Europa e sovranismo dopo questa lunga stagione elettorale

L’altro meccanismo – psicologico – che si innesca è quello dell’inquietudine e della paura. Anche se noi, in quanto individui e gruppi in situazione, puntiamo a conservare la tranquilla stabilità del nostro mondo, è esattamente questo mondo che sta velocemente cambiando.

Gli adulti invecchiano, i ragazzi mancano. Quelli nuovi arrivano in barcone, quando ce la fanno, dotati di altre culture, abitudini, religioni diverse e spesso ostili. Le nostre chiese si svuotano, i tetti cadono a pezzi. Stiamo perdendo il controllo del nostro presente e del nostro futuro.

Il sovranismo “bianco” non è un’invenzione della politica, è la reazione socio-culturale alla perdita di sovranità sulla propria vita quotidiana. Ci sono classi sociali e intellettuali che hanno la corrente a favore – e sono una minoranza. Ci sono classi e gruppi e individui che restano indietro – e sfiorano la maggioranza. Se la politica non riesce a far intravedere speranze, nessuna meraviglia che appaiano all’orizzonte venditori di almanacchi e di illusioni, che, in cambio di voti e di potere, annunciano nuovi paradisi terrestri di sovranità nazionale e di pace universale, purché restiamo tranquillamente al caldo delle nostre comunità locali, dentro i nostri confini nazionali e custodiamo le nostre tradizioni.
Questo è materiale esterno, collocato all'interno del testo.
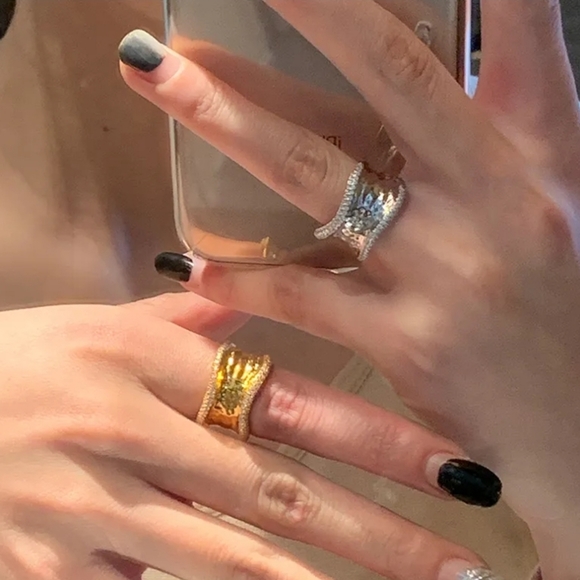 New, Open Gold Finger Ring - Picture 2 of 3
I periodi di transizione sono più difficili

Perciò tentare di cavarsela solo con l’antica dialettica antifascismo-fascismo non porterà lontano. I periodi di transizione sono storicamente i più difficili da governare, ma anche i più fecondi di novità. La transizione ci riconsegna un nuovo lancio dei dadi, che qualcuno aveva gettato prima di noi.

La transizione: esige la messa al bando di approcci fondamentalisti rispetto a questioni quali la transizione energetica, la crisi climatica, il fenomeno dell’immigrazione, l’avvento dell’Intelligenza artificiale, il disordine geopolitico mondiale… Non è più il tempo degli slogan semplificatori.

Se la politica dà voce solo a chi corre, quelli che restano indietro a chi si affideranno? E poiché “politica” coincide, almeno in Europa, con “democrazia” e “statualità nazionale”, il rischio già evidente è che i settori fuori dalla ZTL si rifugino nell’antipolitica e nell’anti-democrazia.  Ha incominciato ad accadere già dal 2008. È ora di apprendere un’altra lezione.